Predictions by the deep back propagation neural network and the radial basis function neural network for the testing set C.

Figure 12
figure 12

The error statistics of the predicted results for the testing set C.

Comparison among DBP-NNs, RBF-NNs and TMM are given in Table 2. It can be noticed that the time required by NNs is extremely short, and the prediction accuracy is remarkable. For one-parameter prediction, the RBF-NNs are superior to the DBP-NNs on training time, prediction accuracy and simplicity of the model. For two-parameter prediction, the RBF-NN has a smaller mean error, but the DBP-NNs are better than the RBF-NNs in terms of the performance stability from Fig. 10. For three-parameter prediction, the DBP-NN is a better choice because of its high accuracy and stability. In terms of calculation time, TMM is hundreds of thousands of times DBP-NNs and RBF-NNs

Table 2 Comparison among the deep back propagation neural networks, radial basis function neural networks and transfer matrix method.

Conclusions

The deep back propagation neural networks (DBP-NNs) and the radial basic function neural networks (RBF-NNs) are trained to predict the dispersion relations (DRs) of one-dimensional (1D) phononic crystals (PCs) for three different cases in our work. The results show that both the DBP-NNs and the RBF-NNs can predict the DRs of PCs with rather short time and high accuracy. For one-parameter prediction, the RBF-NNs are superior to the DBP-NNs on training time, prediction accuracy and simplicity of the model. For two-parameter prediction, the DBP-NN has more stable performance. For three-parameter prediction, the DBP-NN is a better choice because of its high accuracy and stability.

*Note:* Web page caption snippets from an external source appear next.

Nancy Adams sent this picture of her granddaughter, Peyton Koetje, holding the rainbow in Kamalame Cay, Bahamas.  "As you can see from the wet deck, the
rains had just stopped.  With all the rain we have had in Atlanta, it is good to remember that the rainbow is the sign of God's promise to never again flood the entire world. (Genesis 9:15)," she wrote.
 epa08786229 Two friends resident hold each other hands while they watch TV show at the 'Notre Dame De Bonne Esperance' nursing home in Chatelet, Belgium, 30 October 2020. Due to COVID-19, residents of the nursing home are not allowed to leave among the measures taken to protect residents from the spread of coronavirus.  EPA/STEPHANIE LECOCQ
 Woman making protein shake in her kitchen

This paper confirms the feasibility and superiority of using NNs to predict the DRs of PCs. It is the fact that 2D and 3D problems are more complex in design and calculation, consuming much more time and computer memory. Therefore, the application of NNs to the design and analysis of 2D and 3D PCs and metamaterials will be of great significance. How to design a suitable NN to solve the problems of PCs and metamaterials, especially their inverse design problems, will be the difficulty and focus of the future research. The present work provides a useful reference for the related investigations in the future.